Types of Collateral Workout
- 01:49
Learn what types of assets can be used as collateral and what types are most common
Transcript
This workout asks us to identify whether the following statements are true or false with regards to different types of collateral. The first statement says that government bonds are the most frequently used type of collateral. This is a false statement. The most frequently used type of collateral is cash.
The second statement says, all forms of collateral are as equally beneficial to the holder. This is a false statement. Some forms of collateral, for example, equity and corporate bonds have more risks associated with them, high levels of market risk and credit risk, whereas cash tends to have the lowest form of risk associated with it because there is no credit risk and no market risk and no liquidity risk associated with cash as collateral. The third statement says that any assets can be pledged as collateral. This is a true statement.

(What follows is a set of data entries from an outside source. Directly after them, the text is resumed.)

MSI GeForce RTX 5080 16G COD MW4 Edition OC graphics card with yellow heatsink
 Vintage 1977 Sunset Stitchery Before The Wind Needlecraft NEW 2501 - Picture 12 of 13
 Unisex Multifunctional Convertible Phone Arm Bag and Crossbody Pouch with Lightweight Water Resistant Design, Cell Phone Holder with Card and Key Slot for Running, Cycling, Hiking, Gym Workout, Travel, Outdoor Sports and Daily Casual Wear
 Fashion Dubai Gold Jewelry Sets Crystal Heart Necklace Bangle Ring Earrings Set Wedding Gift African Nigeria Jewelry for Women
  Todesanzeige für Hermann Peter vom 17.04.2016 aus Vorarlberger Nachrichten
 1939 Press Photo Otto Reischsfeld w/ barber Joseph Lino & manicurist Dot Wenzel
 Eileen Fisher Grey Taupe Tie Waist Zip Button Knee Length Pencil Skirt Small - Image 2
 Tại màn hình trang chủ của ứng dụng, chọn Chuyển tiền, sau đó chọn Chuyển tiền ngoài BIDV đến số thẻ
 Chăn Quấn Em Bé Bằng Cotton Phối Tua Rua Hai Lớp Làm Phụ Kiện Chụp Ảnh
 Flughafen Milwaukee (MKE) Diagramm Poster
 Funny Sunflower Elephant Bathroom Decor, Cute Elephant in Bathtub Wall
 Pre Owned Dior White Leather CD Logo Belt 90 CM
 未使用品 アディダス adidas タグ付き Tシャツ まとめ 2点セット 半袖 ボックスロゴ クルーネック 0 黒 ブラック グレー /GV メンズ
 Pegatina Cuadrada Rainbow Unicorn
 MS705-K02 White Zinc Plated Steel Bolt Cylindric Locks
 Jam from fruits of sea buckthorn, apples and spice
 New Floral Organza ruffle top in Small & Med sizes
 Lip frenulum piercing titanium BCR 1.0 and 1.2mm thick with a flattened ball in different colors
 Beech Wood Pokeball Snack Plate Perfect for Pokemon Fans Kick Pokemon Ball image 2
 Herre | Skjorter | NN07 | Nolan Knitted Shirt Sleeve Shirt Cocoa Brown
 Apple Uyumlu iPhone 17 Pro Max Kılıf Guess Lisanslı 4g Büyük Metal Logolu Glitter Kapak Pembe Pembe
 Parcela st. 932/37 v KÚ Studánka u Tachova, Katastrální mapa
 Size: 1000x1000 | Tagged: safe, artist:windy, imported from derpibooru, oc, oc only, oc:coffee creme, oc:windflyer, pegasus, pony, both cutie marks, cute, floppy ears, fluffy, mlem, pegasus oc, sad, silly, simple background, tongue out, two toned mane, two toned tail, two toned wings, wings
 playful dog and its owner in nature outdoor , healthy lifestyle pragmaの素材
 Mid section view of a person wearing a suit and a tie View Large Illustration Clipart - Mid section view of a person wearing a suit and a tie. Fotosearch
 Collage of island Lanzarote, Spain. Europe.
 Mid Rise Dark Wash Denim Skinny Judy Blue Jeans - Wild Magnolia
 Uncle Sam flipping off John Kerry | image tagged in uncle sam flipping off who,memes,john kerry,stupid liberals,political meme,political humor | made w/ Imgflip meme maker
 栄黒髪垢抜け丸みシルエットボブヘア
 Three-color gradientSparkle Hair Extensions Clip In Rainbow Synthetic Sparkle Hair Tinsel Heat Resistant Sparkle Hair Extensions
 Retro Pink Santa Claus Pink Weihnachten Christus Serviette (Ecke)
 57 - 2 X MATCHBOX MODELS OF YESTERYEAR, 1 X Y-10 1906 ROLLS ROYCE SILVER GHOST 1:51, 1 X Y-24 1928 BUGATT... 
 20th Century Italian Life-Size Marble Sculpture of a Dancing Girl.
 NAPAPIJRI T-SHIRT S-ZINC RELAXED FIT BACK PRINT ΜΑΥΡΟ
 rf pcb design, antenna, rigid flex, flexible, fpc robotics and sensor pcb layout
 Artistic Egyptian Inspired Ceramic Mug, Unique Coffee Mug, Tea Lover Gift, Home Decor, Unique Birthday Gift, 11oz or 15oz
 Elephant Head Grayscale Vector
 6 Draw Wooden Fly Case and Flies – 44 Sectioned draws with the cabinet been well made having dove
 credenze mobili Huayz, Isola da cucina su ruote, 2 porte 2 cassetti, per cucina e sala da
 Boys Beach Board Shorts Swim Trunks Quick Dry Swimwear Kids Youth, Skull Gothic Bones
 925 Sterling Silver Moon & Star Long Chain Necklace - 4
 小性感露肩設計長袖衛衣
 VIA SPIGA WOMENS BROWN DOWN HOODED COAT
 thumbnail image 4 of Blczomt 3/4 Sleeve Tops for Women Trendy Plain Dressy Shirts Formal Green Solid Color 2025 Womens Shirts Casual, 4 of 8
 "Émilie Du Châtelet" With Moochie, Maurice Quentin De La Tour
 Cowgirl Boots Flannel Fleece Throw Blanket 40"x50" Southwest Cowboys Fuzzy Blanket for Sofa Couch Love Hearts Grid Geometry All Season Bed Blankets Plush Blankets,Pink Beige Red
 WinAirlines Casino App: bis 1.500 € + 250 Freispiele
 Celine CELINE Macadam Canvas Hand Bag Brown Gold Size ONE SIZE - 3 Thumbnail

The different types of collateral that can be pledged between two counterparties, however, would need to be defined within documentation between those two counterparties. Stock lending transactions do not require collateral is the next statement. This is a false statement. Most typically stock lending transactions do require collateral, and this is the cash proceeds received by the borrower of the stock that they get for selling it. Potentially motivated in setting up a short position. That cash is then lodged as collateral, typically with the lender of those securities. Finally, cash collateral has the least risk associated with it. As previously alluded to, this is a true statement. There's no market risk with cash. There's no credit risk with cash. There is no liquidity risk associated with cash as collateral.